A Short History of Fairy Tale

Manguel_02_15Alberto Manguel at Literary Review:

How then can we explain our fascination with fairy tales, everywhere and always? Why do we enjoy the promise of 'Long, long ago, in a far-off land'? Why do we want to hear, again and again, the sagas of beautiful princesses, valiant heroes, crafty animals who can speak, voracious wolves and hairy ogres, kind crones and evil witches? Marina Warner's elegantly concise answer is: 'fairy tales express hopes'.

Warner is a longtime explorer of Fairyland. Her seminal book on the subject, From the Beast to the Blonde, was first published two decades ago, followed four years later byNo Go the Bogeyman, which expanded her research into the realm of ghosts and goblins. Now she has pulled together her thoughts in a 200-page fairy-size hardback titled, obviously, Once Upon a Time. It is a remarkable achievement.

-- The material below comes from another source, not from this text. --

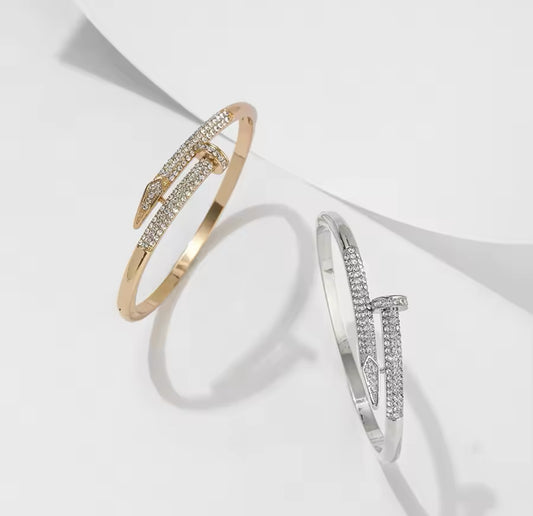 Iced Out Nail Bracelet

Warner suggests that there are four characteristics that define a veritable fairy tale: first, it should be short; second, it should be (or seem) familiar; third, it should suggest 'the necessary presence of the past' through well-known plots and characters; fourth, since fairy tales are told in what Warner aptly calls 'a symbolic Esperanto', it should allow horrid deeds and truculent events to be read as matter-of-fact. If, as Warner says, 'the scope of a fairy tale is made by language', it is through language that our unconscious world, with its dreams and half-grasped intuitions, comes into being and its phantoms are transformed into comprehensible figures like cannibal giants, wicked parents or friendly beasts.